InternImage AssertionError: Check batch related parameters. train_batch_size is not equal to micro_batch_per_gpu * gradient_acc_step * world

AssertionError: Check batch related parameters. train_batch_size is not equal to micro_batch_per_gpu * gradient_acc_step * world_size

Open xiangchen-zhao opened this issue 1 year ago • 6 comments

I am trying to run the scripts you provide in "Huggingface Accelerate Integration of Deepspeed" accelerate launch --config_file configs/accelerate/dist_8gpus_zero3_offload.yaml main_accelerate.py --cfg configs/internimage_t_1k_224.yaml --data-path /mnt/lustre/share/images --batch-size 128 --accumulation-steps 4 --output output_zero3_offload However, I got an AssertionError AssertionError: Check batch related parameters. train_batch_size is not equal to micro_batch_per_gpu * gradient_acc_step * world_size 4096 != 128 * 4 * 1

And I found this error is caused by an exception in deepspeed package (deepspeed/runtime/config.py Line691)

I'm wondering if it's a version issue. Could you give the version of accelerate and deepspeed you used? Thanks!

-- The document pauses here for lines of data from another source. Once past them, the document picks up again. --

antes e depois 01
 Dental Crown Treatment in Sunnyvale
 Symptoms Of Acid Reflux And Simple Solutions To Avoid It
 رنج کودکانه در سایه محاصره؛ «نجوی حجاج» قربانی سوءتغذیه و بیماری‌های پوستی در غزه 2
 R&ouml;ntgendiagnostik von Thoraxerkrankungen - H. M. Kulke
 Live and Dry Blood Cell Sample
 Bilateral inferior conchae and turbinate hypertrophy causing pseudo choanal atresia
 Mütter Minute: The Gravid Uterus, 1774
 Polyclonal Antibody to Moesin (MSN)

my environment: CUDA: 11.3 torch: 1.11.0+cu113 python: 3.7.16 accelerator:0.18.0 deepspeed:0.9.0 Ubuntu: 18.04 8 * NVIDIA A10G NVIDIA-SMI 510.47.03

Apr 19 '23 00:04 xiangchen-zhao

Hello, we have tested the deepspeed=0.9.0 and it throws the same error as you face. We guess it is bug of the compatibility between the latest accelerate and deepspeed.

You could use deepspeed=0.8.3 accelerate=0.18.0, it could successfully run in our GPU cluster and should be able to run in yours.